FY18 challenging for Indian banks, NPAs to rise: Icra
Terming FY18 as a "challenging" year for Indian banking, domestic rating agency Icra today said newer segments like MSMEs and farmers are also reporting stress, and NPAs for listed banks will shoot up to 10.2 per cent by FY18-end.
It said the April-June period saw fresh slippages shooting up to a five-quarter high of Rs 1.15 lakh crore and estimated that the system will end FY18 with slippages of Rs 3 lakh crore.
On an annualised basis, the 6.3 per cent for Q1FY18 is higher than 6.2 per cent (annualised) for the preceding March quarter and the 5.5 per cent tracked in FY17, it said.
Apart from large corporates, trouble is also being reported from the micro, small and medium enterprises segment and the farm loans, which together contributed for half of the incremental NPAs, its group head Karthik Srinivasan told reporters over a conference call.
He said the MSMEs are facing trouble because of the transient impact of Goods and Services Tax implementation, while it is the weakening of the credit culture in the aftermath of waivers that is affecting the farm loans.
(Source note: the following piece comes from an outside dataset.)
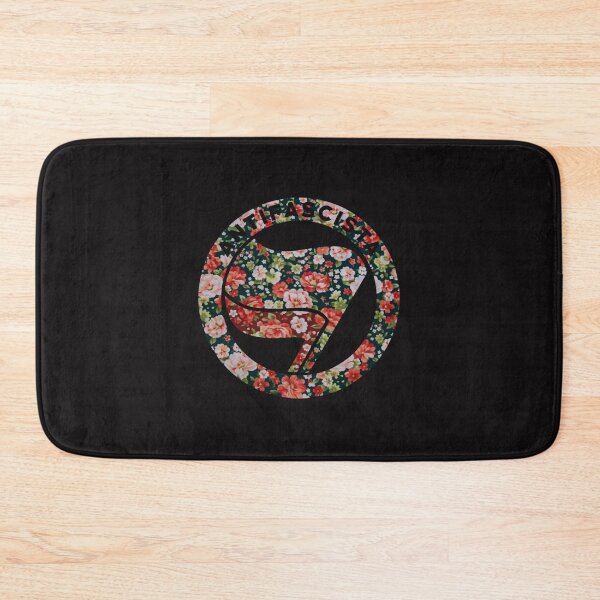 Item preview, Antifa Floral   designed and sold by ElmoLegros.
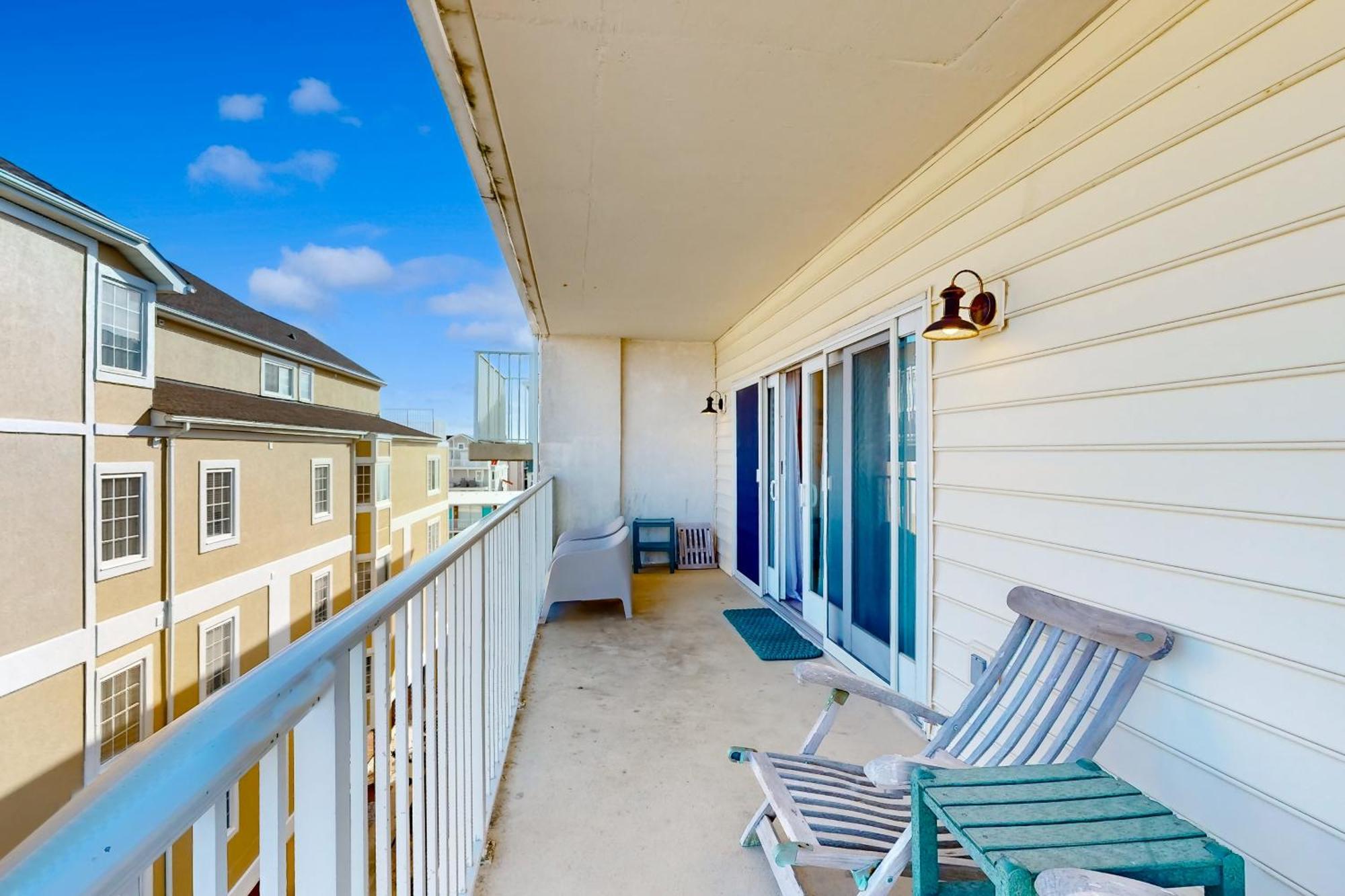 Sea Palms Villa Ocean City Room photo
The gross NPAs for the 41 listed banks are likely to increase to Rs 8.8-9.0 trillion (9.9-10.2 per cent) by March 31, 2018 from the 9.5 per cent at the end of FY17.
Because of the rising NPAs, the amount of provisions to be set aside as cover will also increase.
Banks are also writing-off loans at a faster clip (Rs 30,600 crore in Q1FY18 versus Rs 22,100 crore) in order to compress the GNPA figures, and recoveries and upgrades continue to be weak, it said.
Srinivasan warned that the money set aside for the accounts in the newer list of stressed assets cases to be filed under the bankruptcy code is low, especially for the state-run lenders, and will also impact profitability.
Credit growth is expected to be slower and will come between 7-8 per cent for FY18, it said.
All this will have an impact on the capital positions for the banks, it said, adding that over Rs 1.3 lakh crore in core equity capital will have to be raised by the Indian banks during the fiscal as they gear up for adhering with newer requirements under the Basel-III framework.
The agency warned that at least six state-run lenders are at the risk of undershooting the minimum capital buffers if the government does not recapitalise them.
On the additional tier-I instrument, the agency said the issuances will be lower in FY18 than in FY17, it said, pointing out instances of issues being abandoned recently by some weaker banks.
"We feel FY18 will be a challenging for banks and especially so for the public sector banks. There are pressures on asset quality, net interest incomes, profitability, provisions and capital requirements," he said.